Polizeiprovokationen überschatteten Proteste
gegen Gebirgsjägertreffen im bayerischen Mittenwald
Die Proteste gegen das alljährliche Pfingsttreffen
der Gebirgsjäger aus Bundeswehr und Naziwehrmacht im bayerischen
Mittenwald haben erste Erfolge gezeitigt: Gegen dreißig Wehrmachtsveteranen
laufen nach jahrzehntelanger Untätigkeit der bundesdeutschen
Justiz nun Ermittlungsverfahren wegen der Beteiligung an schwersten
Kriegsverbrechen; bei zwei der "alten Kameraden" steht
die Anklageerhebung unmittelbar bevor.
Diese erfreuliche Nachricht konnte Ulrich Sander,
Bundessprecher der Vereinigung der Verfolgten des Naziregimes –
Bund der Antifaschisten (VVN-BdA), den Teilnehmern der Demonstration
gegen das Gebirgsjägertreffen am Pfingstsamstag übermitteln.

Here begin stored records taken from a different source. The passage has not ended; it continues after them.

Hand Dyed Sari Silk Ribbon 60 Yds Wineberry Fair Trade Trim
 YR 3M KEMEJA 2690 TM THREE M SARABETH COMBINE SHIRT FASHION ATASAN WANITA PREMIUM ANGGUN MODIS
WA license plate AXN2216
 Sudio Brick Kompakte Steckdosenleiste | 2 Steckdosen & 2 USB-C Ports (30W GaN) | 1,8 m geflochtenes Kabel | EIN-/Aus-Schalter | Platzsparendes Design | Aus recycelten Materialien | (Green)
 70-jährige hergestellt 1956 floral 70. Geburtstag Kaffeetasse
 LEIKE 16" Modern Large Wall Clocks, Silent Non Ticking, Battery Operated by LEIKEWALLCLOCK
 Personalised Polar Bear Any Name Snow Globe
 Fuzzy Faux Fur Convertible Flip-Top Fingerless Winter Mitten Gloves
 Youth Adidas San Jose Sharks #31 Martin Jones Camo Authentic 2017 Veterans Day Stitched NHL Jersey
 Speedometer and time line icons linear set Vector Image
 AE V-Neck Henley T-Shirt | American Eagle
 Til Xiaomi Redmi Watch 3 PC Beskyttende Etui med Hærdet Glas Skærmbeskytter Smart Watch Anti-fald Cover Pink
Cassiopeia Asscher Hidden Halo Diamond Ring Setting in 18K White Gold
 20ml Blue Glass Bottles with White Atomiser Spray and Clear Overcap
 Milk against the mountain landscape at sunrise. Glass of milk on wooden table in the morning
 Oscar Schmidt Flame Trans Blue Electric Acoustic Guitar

Doch die hierdurch ausgelöste gute Stimmung hielt nicht lange
vor. Nachdem die Demonstranten bereits im Vorfeld schikanöse
Polizeikontrollen hatten über sich ergehen lassen müssen,
sahen sie sich bald mit weiteren Einschüchterungsversuchen
der Ordnungskräfte konfrontiert. Drei Personen wurden unter
dem Vorwurf der "Verunglimpfung des Staates und seiner Symbole"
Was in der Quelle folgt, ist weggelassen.